リン酸化酵素PPM

脱リン酸化酵素PPMファミリーの機能解明と抗がん剤開発

PPMファミリーは、様々なシグナル伝達経路を通じてストレス応答、アポトーシス、細胞周期等を制御していると考えられています。近年、PPMファミリーの遺伝子異常による機能不全や亢進が、癌や低血圧症などの様々な疾患に関与することが報告されています。PPM1Dが属するPPMファミリーはMn2+/Mg2+依存的ホスファターゼであり、ヒトでは20種類のアイソフォームが存在します。当研究室ではPPMホスファターゼの新規基質同定法の開発を進め、各アイソフォームの標的タンパク質の同定やアイソフォーム特異的阻害剤の開発を進めています。

PPM1D(Protein Phosphatase Magnesium-dependent 1, Delta)は、紫外線や電磁線などによりDNA損傷に応答して癌抑制タンパク質p53を介して誘導されるPPMタイプSer/Thrホスファターゼとして発見されました。正常細胞において、PPM1DはDNAダメージに伴い活性化された細胞周期の停止やアポトーシスに関与する上流のタンパク質p53, p38, ATMなどを脱リン酸化・不活性化し、細胞周期をもとの状態に戻すネガティブフィードバック機能を有しています。一方、乳癌をはじめとする多種多様ながん細胞においてPPM1D遺伝子増幅やタンパク質レベルの上昇が見られます。また、PPM1Dノックアウトマウスが細胞癌がん化に抵抗性を持つことから、PPM1Dの過剰な活性が発癌に深く関与していると考えられています。しかしながら、PPM1D過剰発現による細胞癌化メカニズムは未知の部分が多く、このメカニズムを理解することはPPM1Dを標的とした癌治療のためにも極めて重要です。

当研究室では、PPM1Dの新規結合タンパク質の同定や細胞内局在解析を介してPPM1D過剰発現による細胞癌化メカニズムの解明を行っています。これまで、PPM1Dの過剰発現により癌細胞診の指標に使われる”核小体”の数が増加することを見出しています。核小体は膜のない構造体で、Liquid-liquid phase separationの原理で形成されるリボソーム生合成の場であり、近年大きな注目を集めています。当研究室は、PPM1Dと核小体タンパク質ヌクレオフォスミンNPMに着目し、その詳細な形成メカニズムの解明を目指しています。

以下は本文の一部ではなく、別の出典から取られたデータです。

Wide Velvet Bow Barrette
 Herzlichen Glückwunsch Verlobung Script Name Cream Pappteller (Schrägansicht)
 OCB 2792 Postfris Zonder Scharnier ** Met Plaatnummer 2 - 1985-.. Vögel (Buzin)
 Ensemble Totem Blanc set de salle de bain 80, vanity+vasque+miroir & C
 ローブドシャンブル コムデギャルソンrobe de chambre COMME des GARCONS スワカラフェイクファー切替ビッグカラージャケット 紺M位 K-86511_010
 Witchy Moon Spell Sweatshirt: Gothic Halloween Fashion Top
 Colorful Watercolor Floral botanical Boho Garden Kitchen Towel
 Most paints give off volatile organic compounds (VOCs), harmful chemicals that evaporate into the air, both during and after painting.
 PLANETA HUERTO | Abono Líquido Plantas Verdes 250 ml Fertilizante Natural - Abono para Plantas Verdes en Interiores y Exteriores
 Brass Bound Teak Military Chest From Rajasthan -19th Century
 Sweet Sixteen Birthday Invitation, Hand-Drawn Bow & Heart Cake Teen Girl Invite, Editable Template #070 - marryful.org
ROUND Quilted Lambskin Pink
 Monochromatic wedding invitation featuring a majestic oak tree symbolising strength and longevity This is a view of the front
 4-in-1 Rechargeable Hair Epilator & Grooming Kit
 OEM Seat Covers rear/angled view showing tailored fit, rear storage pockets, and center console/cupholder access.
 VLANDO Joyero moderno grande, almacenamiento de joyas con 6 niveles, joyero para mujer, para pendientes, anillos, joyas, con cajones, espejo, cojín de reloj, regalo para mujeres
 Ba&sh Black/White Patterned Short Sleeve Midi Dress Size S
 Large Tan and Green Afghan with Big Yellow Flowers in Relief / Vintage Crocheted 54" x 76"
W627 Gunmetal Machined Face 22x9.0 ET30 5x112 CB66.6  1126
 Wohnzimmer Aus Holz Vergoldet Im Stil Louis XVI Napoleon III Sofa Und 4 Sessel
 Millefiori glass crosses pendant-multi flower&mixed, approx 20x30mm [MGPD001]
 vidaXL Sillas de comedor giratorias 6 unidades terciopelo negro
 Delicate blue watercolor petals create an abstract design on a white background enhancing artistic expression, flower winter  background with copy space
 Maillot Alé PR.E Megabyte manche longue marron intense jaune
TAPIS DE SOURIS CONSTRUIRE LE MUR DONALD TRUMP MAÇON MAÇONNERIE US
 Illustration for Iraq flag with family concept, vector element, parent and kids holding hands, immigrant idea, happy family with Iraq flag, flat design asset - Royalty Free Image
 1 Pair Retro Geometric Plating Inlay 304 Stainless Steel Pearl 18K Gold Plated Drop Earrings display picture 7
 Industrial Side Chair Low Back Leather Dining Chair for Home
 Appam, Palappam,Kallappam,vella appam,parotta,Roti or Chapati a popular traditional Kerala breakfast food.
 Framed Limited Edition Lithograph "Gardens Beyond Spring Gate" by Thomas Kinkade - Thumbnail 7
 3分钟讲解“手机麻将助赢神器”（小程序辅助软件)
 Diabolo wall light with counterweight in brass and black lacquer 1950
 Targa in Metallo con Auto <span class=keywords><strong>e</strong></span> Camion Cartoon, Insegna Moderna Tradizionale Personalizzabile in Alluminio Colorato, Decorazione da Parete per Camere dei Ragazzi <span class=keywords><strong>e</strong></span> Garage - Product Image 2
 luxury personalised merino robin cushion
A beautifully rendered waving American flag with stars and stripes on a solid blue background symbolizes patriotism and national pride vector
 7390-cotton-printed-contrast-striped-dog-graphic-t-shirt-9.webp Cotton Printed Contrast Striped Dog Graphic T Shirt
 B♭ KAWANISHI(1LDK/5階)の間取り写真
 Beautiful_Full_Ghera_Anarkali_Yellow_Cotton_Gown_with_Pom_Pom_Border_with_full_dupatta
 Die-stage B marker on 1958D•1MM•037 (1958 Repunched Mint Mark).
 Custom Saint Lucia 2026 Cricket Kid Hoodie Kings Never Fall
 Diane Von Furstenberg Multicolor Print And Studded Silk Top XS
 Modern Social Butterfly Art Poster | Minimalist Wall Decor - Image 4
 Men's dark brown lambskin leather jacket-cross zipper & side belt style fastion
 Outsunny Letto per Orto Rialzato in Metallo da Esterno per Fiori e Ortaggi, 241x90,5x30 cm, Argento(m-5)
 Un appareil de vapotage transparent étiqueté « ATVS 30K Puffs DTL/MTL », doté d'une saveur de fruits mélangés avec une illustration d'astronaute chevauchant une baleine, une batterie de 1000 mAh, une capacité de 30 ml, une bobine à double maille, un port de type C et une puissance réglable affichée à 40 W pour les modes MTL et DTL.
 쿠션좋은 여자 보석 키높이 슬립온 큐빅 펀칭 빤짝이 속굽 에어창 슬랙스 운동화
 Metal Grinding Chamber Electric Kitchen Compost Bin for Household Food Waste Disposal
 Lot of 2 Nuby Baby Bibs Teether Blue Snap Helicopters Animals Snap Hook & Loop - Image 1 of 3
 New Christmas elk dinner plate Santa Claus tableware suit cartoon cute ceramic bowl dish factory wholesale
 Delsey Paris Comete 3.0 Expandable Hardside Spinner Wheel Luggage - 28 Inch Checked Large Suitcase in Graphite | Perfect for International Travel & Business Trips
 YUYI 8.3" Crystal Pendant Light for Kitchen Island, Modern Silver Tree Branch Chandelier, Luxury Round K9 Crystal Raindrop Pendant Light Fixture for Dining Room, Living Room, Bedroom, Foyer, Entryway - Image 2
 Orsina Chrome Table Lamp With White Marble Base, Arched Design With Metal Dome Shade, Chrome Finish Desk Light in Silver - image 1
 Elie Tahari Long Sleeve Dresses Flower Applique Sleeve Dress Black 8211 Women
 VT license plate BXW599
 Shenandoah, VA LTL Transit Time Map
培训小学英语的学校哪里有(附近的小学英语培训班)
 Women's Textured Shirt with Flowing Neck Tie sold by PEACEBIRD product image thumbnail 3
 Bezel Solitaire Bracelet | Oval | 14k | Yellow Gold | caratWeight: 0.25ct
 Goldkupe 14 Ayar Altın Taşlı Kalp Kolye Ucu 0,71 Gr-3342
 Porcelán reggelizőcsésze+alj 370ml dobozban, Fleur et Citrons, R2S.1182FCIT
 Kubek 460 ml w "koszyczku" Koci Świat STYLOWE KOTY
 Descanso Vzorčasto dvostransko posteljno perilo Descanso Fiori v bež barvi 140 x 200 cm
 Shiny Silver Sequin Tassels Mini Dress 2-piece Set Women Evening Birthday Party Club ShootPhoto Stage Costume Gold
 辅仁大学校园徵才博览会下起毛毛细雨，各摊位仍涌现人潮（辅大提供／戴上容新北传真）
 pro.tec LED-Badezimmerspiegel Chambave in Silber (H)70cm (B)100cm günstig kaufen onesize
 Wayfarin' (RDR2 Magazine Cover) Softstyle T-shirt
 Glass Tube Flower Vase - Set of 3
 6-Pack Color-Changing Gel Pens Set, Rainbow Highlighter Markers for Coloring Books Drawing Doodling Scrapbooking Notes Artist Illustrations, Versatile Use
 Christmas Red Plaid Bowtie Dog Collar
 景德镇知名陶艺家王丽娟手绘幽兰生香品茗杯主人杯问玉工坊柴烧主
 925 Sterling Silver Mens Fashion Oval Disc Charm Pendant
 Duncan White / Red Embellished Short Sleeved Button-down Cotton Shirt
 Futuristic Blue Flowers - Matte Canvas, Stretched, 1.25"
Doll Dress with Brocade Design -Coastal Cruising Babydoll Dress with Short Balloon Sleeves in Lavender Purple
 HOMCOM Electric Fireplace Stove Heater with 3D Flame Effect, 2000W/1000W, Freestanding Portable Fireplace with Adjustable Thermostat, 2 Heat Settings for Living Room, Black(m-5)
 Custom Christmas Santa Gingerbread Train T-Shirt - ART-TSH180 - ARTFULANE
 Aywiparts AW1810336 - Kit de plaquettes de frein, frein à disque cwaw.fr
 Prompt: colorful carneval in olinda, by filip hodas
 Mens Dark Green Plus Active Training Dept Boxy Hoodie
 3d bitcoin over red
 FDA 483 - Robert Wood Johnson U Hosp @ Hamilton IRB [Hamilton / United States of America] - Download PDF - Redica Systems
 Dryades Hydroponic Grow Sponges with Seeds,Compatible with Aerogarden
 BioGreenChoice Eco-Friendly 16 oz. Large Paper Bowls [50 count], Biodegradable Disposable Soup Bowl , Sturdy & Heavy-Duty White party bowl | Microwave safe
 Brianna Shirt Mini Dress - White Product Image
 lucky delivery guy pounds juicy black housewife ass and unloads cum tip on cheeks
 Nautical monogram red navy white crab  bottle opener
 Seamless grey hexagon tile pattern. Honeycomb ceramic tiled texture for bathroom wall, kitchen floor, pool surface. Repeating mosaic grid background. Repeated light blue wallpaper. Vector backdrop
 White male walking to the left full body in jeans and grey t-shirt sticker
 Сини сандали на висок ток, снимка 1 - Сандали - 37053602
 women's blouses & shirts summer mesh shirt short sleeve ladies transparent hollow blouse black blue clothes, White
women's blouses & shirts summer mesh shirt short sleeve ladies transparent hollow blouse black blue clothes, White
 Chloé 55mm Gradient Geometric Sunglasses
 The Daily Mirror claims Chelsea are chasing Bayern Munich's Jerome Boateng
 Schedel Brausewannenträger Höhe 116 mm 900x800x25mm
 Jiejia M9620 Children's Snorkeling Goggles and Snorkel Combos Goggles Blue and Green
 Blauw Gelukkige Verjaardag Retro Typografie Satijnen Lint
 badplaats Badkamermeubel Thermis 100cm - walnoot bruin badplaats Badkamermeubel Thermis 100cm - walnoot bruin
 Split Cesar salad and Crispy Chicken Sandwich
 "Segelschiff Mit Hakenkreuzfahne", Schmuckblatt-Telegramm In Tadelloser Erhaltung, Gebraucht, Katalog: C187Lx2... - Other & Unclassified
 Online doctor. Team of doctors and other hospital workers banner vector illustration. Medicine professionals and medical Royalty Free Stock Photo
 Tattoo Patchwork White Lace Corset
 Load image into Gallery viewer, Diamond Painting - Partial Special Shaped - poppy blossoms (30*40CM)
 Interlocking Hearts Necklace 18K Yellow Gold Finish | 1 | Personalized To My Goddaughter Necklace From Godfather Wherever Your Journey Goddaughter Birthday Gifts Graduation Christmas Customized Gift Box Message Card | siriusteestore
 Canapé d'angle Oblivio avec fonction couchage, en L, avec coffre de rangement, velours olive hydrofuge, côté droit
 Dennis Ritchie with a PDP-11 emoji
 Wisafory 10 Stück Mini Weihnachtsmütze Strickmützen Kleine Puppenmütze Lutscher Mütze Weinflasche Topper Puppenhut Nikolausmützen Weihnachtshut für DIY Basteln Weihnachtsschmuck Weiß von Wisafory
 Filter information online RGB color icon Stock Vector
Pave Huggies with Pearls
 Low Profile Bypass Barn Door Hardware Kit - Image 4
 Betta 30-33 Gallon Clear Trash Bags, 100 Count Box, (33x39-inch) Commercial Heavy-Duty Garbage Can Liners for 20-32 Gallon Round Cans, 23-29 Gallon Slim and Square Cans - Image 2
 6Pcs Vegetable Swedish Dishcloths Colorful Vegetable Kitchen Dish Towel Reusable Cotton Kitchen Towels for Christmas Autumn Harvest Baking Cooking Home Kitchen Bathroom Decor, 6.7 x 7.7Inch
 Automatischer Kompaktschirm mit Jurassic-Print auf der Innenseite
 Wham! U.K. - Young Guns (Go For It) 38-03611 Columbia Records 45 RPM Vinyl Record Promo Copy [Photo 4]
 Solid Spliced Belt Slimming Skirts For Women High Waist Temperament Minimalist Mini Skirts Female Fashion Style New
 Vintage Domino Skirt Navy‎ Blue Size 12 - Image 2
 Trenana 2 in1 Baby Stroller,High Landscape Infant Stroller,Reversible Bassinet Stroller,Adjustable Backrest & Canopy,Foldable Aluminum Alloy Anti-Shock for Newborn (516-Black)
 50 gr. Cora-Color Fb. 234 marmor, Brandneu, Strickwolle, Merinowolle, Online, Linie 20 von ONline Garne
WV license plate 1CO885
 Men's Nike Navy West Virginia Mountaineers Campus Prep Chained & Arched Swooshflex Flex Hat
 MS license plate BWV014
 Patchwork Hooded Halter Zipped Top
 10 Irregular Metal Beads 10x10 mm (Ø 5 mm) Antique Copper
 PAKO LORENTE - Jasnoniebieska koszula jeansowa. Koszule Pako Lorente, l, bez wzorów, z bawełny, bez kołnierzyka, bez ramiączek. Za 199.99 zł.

また、PPM1D阻害剤は新たな抗癌治療薬のターゲットとして期待されており、PPM1Dに対して強力で特異的な阻害活性を有する低分子”SL阻害剤”の開発に成功しています。当研究室で開発した”SL阻害剤”は、in vitroおよびin vivoで極めて効果が高いことから、PPM1Dの機能解析における強力な分子ツールとして非常に有効であるばかりでなく、PPM1Dを標的としたがんの化学療法などの分子標的薬として期待されています。

非常に多彩な機能を持つPPMホスファターゼですが、その多くは基質標的タンパク質が未知であり、研究推進のための大きな障害となっています。当研究室では、PPMホスファターゼの新規基質同定法の開発を実施しています。さらに、癌抑制タンパク質とされるILKAPをはじめとした他のアイソフォームについても、標的タンパク質の同定やアイソフォーム特異的阻害剤開発を進めています。これらをとおして、PPMファミリータンパク質の遺伝子異常と疾患メカニズムの関係の解明を目指しています。